Loren’s performance as Cesira in De Sica’s Two Women (1960) earned her the Academy Award for Best Actress, making her the first actor or actress to win an Oscar for a foreign-language performance. She holds the record for having earned seven David di Donatello Awards for Best Actress: Two Women; Yesterday, Today and Tomorrow (1963); Marriage Italian Style (1964, for which she was nominated for a second Oscar); Sunflower (1970); The Voyage (1974), with Richard Burton; A Special Day (1977), with Mastroianni and John Vernon; and The Life Ahead (2020), directed by her son, Edoardo Ponti. She has also won five special Golden Globes (including the Cecil B. DeMille Award), a BAFTA Award, a Laurel Award, a Grammy Award, the Volpi Cup for Best Actress at the Venice Film Festival and the Best Actress Award at the Cannes Film Festival. In 1991, she received the Academy Honorary Award for lifetime achievements.

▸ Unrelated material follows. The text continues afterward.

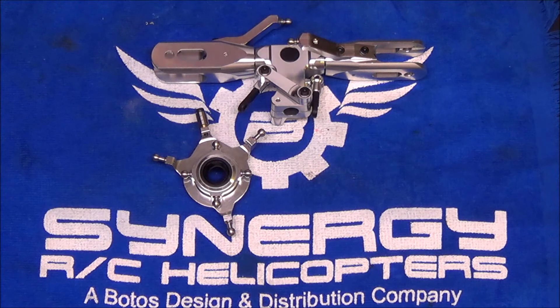The head is complete and the swash is back together with loctite. That's the end of this first video — a lot got done tonight and most of the sub-assemblies are finished. The next video will cover the motor, fan shroud, and beginning to build the frame.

Other films in the early 1960s include George Cukor’s Heller In Pink Tights (1960), with Quinn; Anthony Asquith’s The Millionairess (1960), with Peter Sellers, Alastair Sim, Dennis Price, Gary Raymond, and De Sica; Michael Curtiz’s A Breath of Scandal (1960), with Maurice Chevalier, John Gavin, and Angela Lansbury; Anthony Mann’s El Cid (1961), with Charlton Heston, Raf Vallone, Geneviève Page, John Fraser, Gary Raymond, Herbert Lom, and Douglas Wilmer; The Condemned of Altona (1962), with Maximilian Schell; Anatole Litvak’s Five Miles to Midnight (1962), with Perkins and Gig Young; The Fall of the Roman Empire (1964), with Stephen Boyd, Alec Guinness, James Mason, Christopher Plummer, Mel Ferrer, and Omar Sharif.

Films in the mid to late 1960s include Michael Anderson’s Operation Crossbow (1965), with George Peppard, Trevor Howard, John Mills, Richard Johnson, and Tom Courtenay; Peter Ustinov’s Lady L (1965), with Paul Newman, David Niven, and Cecil Parker; Daniel Mann’s Judith (1966), with Peter Finch and Jack Hawkins; Stanley Donen’s Arabesque (1966), with Gregory Peck; Charlie Chaplin’s A Countess from Hong Kong (1967), with Marlon Brando, Sydney Chaplin, Tippi Hedren, Patrick Cargill, and Margaret Rutherford; and More Than a Miracle (1967), with Sharif and Dolores del Rio.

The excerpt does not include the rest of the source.